ISSUED — a literary journal featuring poetry, memoir, fiction and more, written by active-duty military, veterans and the friends and family members impacted by their service — is launching its second annual issue.

The journal aims to capture the nuanced realities of military life in the words of those who live it. There is a launch event at 6 p.m. Wednesday, May 15, at Changing Hands Phoenix.

Editor Rosemarie Dombrowski and managing editor Virgil Connor — an Air Force veteran and fiction writer with firsthand experience of writing’s potential to transform lives — spoke more about it with The Show.

Full conversation

VIRGIL CONNOR: I myself have PTSD related to incidents that happened in the military and I have worked really hard, kind of just being alone with my thoughts and writing is one of those things that's helped with that because it's where I can sit and just either keyboard smash or put a pen to paper and really get those thoughts down. And sometimes I write characters and it's like, here's my trauma, but like, let's crank it up to 11 and break the knob off. You know, because, you know, you want that sort of validation and I know that my experience, other people have maybe gone through the same thing and maybe they're alone with their own thoughts and they feel a little bit less crazy or uncertain or they feel validated that they're not alone.

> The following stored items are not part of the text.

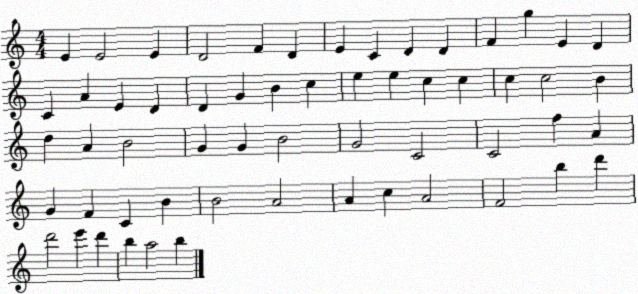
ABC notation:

X:1
T:Untitled
M:4/4
L:1/4
K:C
E E2 E D2 F D E C D D F g E D C A E D D G B c e e c c c c2 B d A B2 G G B2 G2 C2 C2 f A G F C B B2 A2 A c A2 F2 b d' d'2 e' d' b a2 b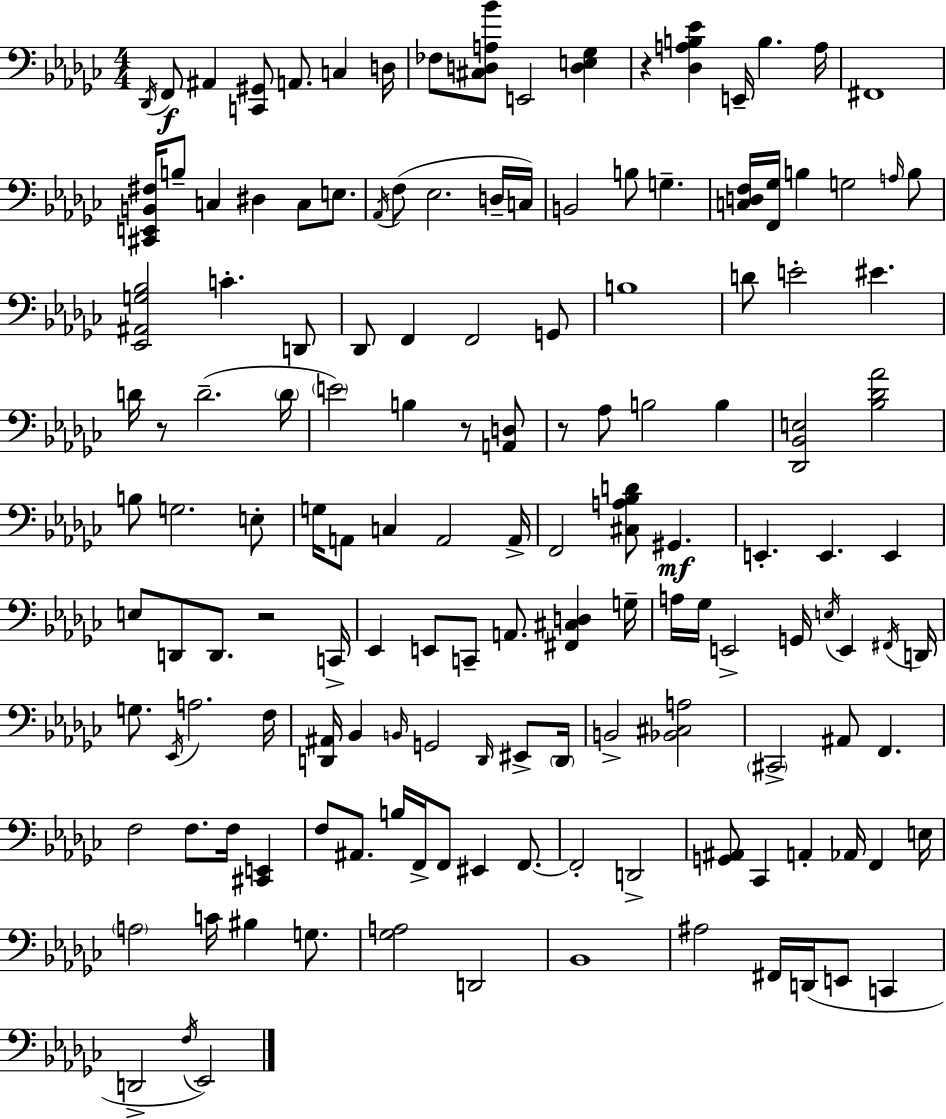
Db2/s F2/e A#2/q [C2,G#2]/e A2/e. C3/q D3/s FES3/e [C#3,D3,A3,Bb4]/e E2/h [D3,E3,Gb3]/q R/q [Db3,A3,B3,Eb4]/q E2/s B3/q. A3/s F#2/w [C#2,E2,B2,F#3]/s B3/e C3/q D#3/q C3/e E3/e. Ab2/s F3/e Eb3/h. D3/s C3/s B2/h B3/e G3/q. [C3,D3,F3]/s [F2,Gb3]/s B3/q G3/h A3/s B3/e [Eb2,A#2,G3,Bb3]/h C4/q. D2/e Db2/e F2/q F2/h G2/e B3/w D4/e E4/h EIS4/q. D4/s R/e D4/h. D4/s E4/h B3/q R/e [A2,D3]/e R/e Ab3/e B3/h B3/q [Db2,Bb2,E3]/h [Bb3,Db4,Ab4]/h B3/e G3/h. E3/e G3/s A2/e C3/q A2/h A2/s F2/h [C#3,A3,Bb3,D4]/e G#2/q. E2/q. E2/q. E2/q E3/e D2/e D2/e. R/h C2/s Eb2/q E2/e C2/e A2/e. [F#2,C#3,D3]/q G3/s A3/s Gb3/s E2/h G2/s E3/s E2/q F#2/s D2/s G3/e. Eb2/s A3/h. F3/s [D2,A#2]/s Bb2/q B2/s G2/h D2/s EIS2/e D2/s B2/h [Bb2,C#3,A3]/h C#2/h A#2/e F2/q. F3/h F3/e. F3/s [C#2,E2]/q F3/e A#2/e. B3/s F2/s F2/e EIS2/q F2/e. F2/h D2/h [G2,A#2]/e CES2/q A2/q Ab2/s F2/q E3/s A3/h C4/s BIS3/q G3/e. [Gb3,A3]/h D2/h Bb2/w A#3/h F#2/s D2/s E2/e C2/q D2/h F3/s Eb2/h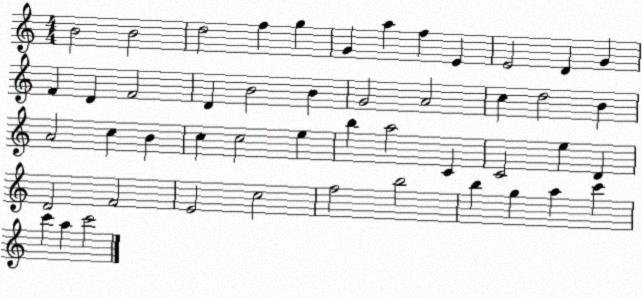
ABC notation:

X:1
T:Untitled
M:4/4
L:1/4
K:C
B2 B2 d2 f g G a f E E2 D G F D F2 D B2 B G2 A2 c d2 B A2 c B c c2 e b a2 C C2 e D D2 F2 E2 c2 f2 b2 b g a c' c' a c'2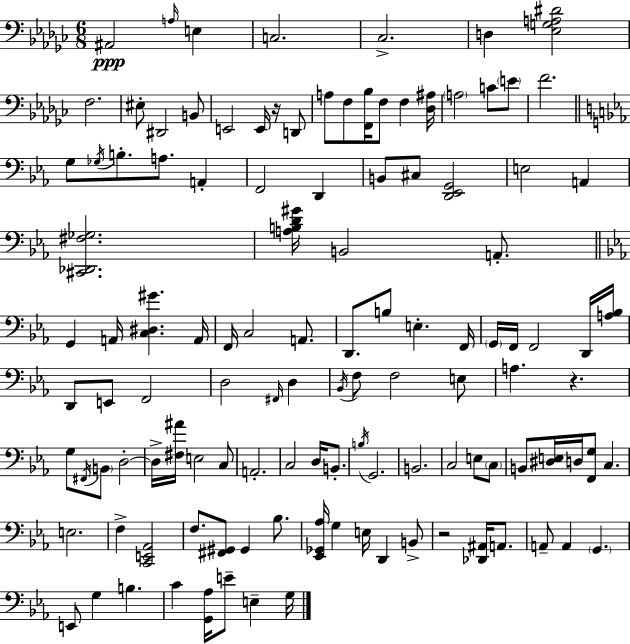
A#2/h A3/s E3/q C3/h. CES3/h. D3/q [Eb3,G3,A3,D#4]/h F3/h. EIS3/e D#2/h B2/e E2/h E2/s R/s D2/e A3/e F3/e [F2,Bb3]/s F3/e F3/q [Db3,A#3]/s A3/h C4/e E4/e F4/h. G3/e Gb3/s B3/e. A3/e. A2/q F2/h D2/q B2/e C#3/e [D2,Eb2,G2]/h E3/h A2/q [C#2,Db2,F#3,Gb3]/h. [A3,B3,D4,G#4]/s B2/h A2/e. G2/q A2/s [C3,D#3,G#4]/q. A2/s F2/s C3/h A2/e. D2/e. B3/e E3/q. F2/s G2/s F2/s F2/h D2/s [A3,Bb3]/s D2/e E2/e F2/h D3/h F#2/s D3/q Bb2/s F3/e F3/h E3/e A3/q. R/q. G3/e F#2/s B2/e D3/h D3/s [F#3,A#4]/s E3/h C3/e A2/h. C3/h D3/s B2/e. B3/s G2/h. B2/h. C3/h E3/e C3/e B2/e [D#3,E3]/s D3/s [F2,G3]/e C3/q. E3/h. F3/q [C2,E2,Ab2]/h F3/e. [F#2,G#2]/e G#2/q Bb3/e. [Eb2,Gb2,Ab3]/s G3/q E3/s D2/q B2/e R/h [Db2,A#2]/s A2/e. A2/e A2/q G2/q. E2/e G3/q B3/q. C4/q [G2,Ab3]/s E4/e E3/q G3/s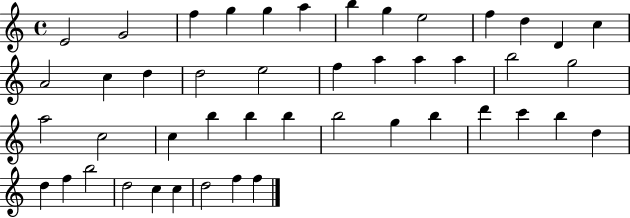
E4/h G4/h F5/q G5/q G5/q A5/q B5/q G5/q E5/h F5/q D5/q D4/q C5/q A4/h C5/q D5/q D5/h E5/h F5/q A5/q A5/q A5/q B5/h G5/h A5/h C5/h C5/q B5/q B5/q B5/q B5/h G5/q B5/q D6/q C6/q B5/q D5/q D5/q F5/q B5/h D5/h C5/q C5/q D5/h F5/q F5/q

SAM DINGMAN: So question for you both. On the website for ISSUED, you say, "We especially value stories about gender and sexuality, BIPOC experiences, physical and mental health, combat enlisting and separating family and relationships and returning to civilian life." Why hone in on those areas specifically?

ROSEMARIE DOMBROWSKI: The stories that have been in the marketplace, that have dominated the marketplace contemporarily, historically, have been the stories of white men. And, you know, we also wanted to avoid trauma porn, for lack of a better phrase. These are full lives of, of not just the enlisted folks or the officers, but their families, their extended families, their friends. So we wanted to make sure that we were encouraging stories about, you know, the entirety of that ecosystem, of that community and how it's impacted as well because then that makes this a journal for everybody.

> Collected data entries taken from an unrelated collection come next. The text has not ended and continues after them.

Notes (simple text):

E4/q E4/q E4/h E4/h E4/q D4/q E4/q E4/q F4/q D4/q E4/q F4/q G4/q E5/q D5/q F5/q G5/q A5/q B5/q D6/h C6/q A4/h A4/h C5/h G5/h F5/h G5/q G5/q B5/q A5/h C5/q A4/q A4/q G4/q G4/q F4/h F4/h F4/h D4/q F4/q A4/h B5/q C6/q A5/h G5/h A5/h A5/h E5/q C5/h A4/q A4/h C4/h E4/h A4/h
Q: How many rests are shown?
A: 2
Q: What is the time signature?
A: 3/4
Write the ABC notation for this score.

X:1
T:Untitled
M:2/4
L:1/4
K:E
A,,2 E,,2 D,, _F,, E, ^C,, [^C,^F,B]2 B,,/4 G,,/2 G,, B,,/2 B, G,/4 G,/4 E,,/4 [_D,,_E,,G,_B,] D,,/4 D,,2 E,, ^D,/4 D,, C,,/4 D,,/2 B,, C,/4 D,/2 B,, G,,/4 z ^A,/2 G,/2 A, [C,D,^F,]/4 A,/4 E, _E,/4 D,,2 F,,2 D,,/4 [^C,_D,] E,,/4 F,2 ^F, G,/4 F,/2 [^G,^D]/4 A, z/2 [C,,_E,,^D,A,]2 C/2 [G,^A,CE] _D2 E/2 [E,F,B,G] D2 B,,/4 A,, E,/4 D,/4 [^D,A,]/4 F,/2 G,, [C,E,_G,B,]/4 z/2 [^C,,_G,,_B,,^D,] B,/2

DINGMAN: I'm really glad you brought this up because there are tropes to military storytelling also. And a lot of times those tropes are, as you pointed out, stories of like brave white men. A lot of times those tropes are valor. And the other thing that I think is, is interesting about the website is you say, we believe in the power of sharing both our suffering and our joy. And the other trope that comes to mind for me is there's a someone in the family who served. And it's like, but they don't know, talk about it, they don't talk about it. And here you are with this publication that encourages people to talk about it. So tell me about some of the narratives in the pages of ISSUED that might surprise people or that they might not be as familiar with.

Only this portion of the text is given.